A student loan payment break forever? Pressure mounts on Biden
BY Lake Sydney05 January 2022, 16:35
President Joe Biden meets with members of the White House COVID-19 Response Team at the Eisenhower Executive Office Building in Washington, DC in January 2022.
Ting Shen—Bloomberg/Getty Images
Ahead of the holidays, President Joe Biden announced that the freeze on federal student loan repayments would be extended again, this time until May 1, 2022. Previously, the freeze was set to end in late January, but the Omicron variant of La COVID-19 continues to weigh on the economy.
“We know that millions of student borrowers are still dealing with the effects of the pandemic and need more time to resume payments,” Biden said in a Dec. 22, 2021 statement. “Given these considerations, My administration today extends the pause on federal student loan repayments for an additional 90 days — through May 1, 2022 — as we manage the ongoing pandemic and further strengthen our economic recovery.”
As the extension adds to the reprieve for federal student loan borrowers, proponents of debt forgiveness continue to press for greater forbearance. Democrats, including Senate Majority Leader Chuck Schumer, Senator Elizabeth Warren and Representative Ayanna Pressley, argue that resuming payments could be detrimental to our post-COVID economic recovery.
Specifically, Warren — along with other Democrats — continues to push Biden to forgive up to $50,000 in federal student loan debt per borrower. There has been some debate over the power of the president to do so, however, without an act of Congress. Warren and Schumer argue that Biden can get student debt forgiveness by executive order, but Biden and House Speaker Nancy Pelosi disagree.
“You know how I know President Biden has the power to #CancelStudentDebt? Because he has already used it. Warren tweeted on December 20, 2021. “So is President Obama, and so is Donald Trump.
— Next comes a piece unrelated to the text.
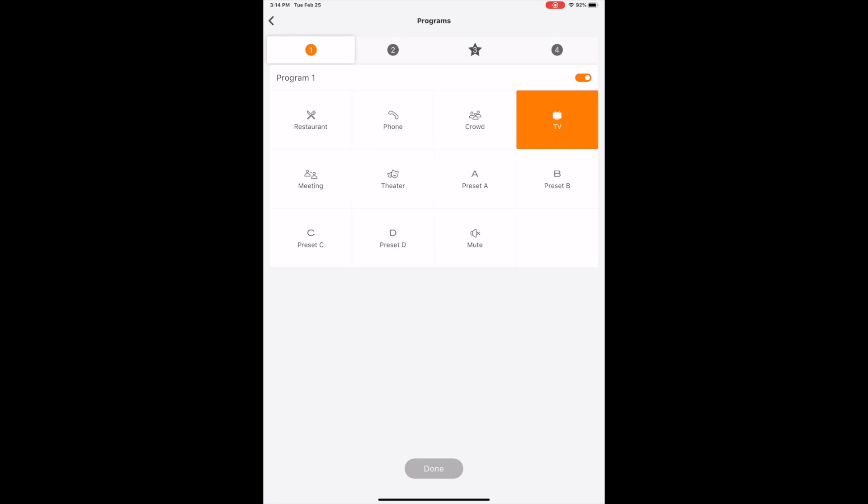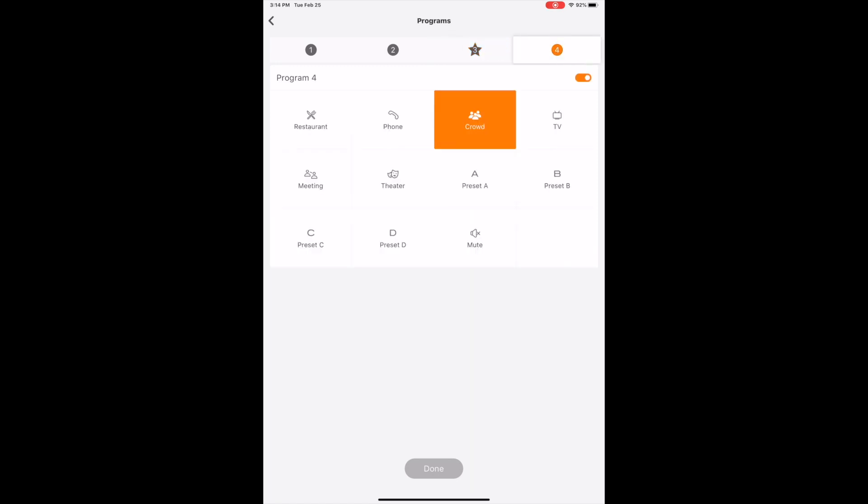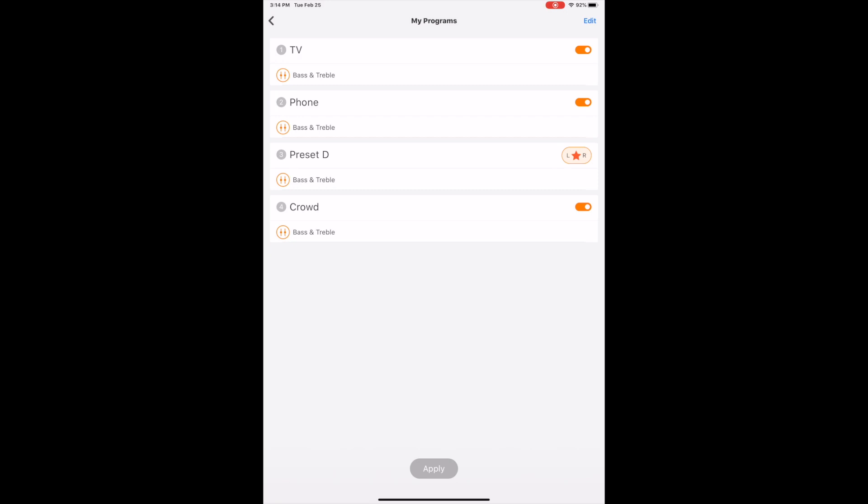So it's really cool that you can go through and you can set these. We go into program two, I have it set for phone. Program three I went with the preset D which was something that I had already worked with and then I made adjustments. And then program four's for crowd. What that really does is take out some of the highs and levels the sound out just a little bit more to make it easier to discern certain sounds like particular people's voices.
It’s time for the administration to cancel $50,000 in student debt and relieve the people who are being crushed.
Fortune spoke to student loan experts about whether Biden’s latest extension on federal student loan forbearance will have any effect on his future actions.
Will Biden extend the freeze again after May?
When members of the Biden administration announced the previous extension that was supposed to end in January, they called it the “final” of that extension, which turned out not to be.
“It seems to be an acknowledgment that nothing is ever truly final in our current, unpredictable environment,” said Andrew Pentis, student loan counselor and education finance expert at Student Loan Hero. Fortune.
Pentis says between inflation and Omicron “all bets are off” in terms of guessing whether the forbearance can be extended, but he thinks that’s unlikely.
Stacey MacPhetres, senior director of education funding at EdAssist Solutions, agrees, saying it’s unclear whether more extensions will be granted.
“It is widely believed that this may be the last extension, but it is impossible to say without knowing what economic indicators will occur at this time,” she says.
Does this extension indicate that Biden might consider pardon more?
Student loan experts agree Biden’s openness to further debt relief is also unclear – although Pentis does look into his ‘track record’ of student loan forgiveness, which has been made to targeted groups, including borrowers who attended now defunct institutions, borrowers with total and permanent disabilities, and public service workers.
“We have to ask ourselves: if the Biden administration did not move forward with the cancellation of student loans in the wake of worsening inflation and the Omicron variant, what exactly would it take to move that mountain?” Pentis said. “The president has clearly passed another potential turning point.”
What should borrowers do in the meantime?
MacPhetres recommends that borrowers consider continuing to make payments if they are able, which will help reduce loan principal balances, she says.
“If the administration were to move forward with full federal student loan forgiveness, any reduction in principal made by a borrower during this administrative forbearance period will benefit them in the long run,” she says. “Now is also a good time for borrowers to tackle any other debt they may have, such as additional student loans or credit card debt, with a focus on reducing those balances while taking advantage administrative forbearance of student loans.”
For borrowers who don’t have the disposable income to do so, Pentis suggests waiting until May to resume payments on federal student loans. He cautions that borrowers “shouldn’t wait to develop a repayment recovery strategy, however.”
“Biden said so himself in the announcement of the moratorium extension, which basically implies that he is throwing borrowers a bone and expecting them to do their part to prepare for spring payments. “, adds Pentis.
In his December 22, 2021 announcement, Biden warned that borrowers should prepare to start making payments in May.
“Take full advantage of Ministry of Education resources to help you prepare for the resumption of payments; review options for lowering your payments through income-tested repayment plans; exploring the cancellation of public service loans; and be sure to get vaccinated and boosted when eligible,” he said in a statement.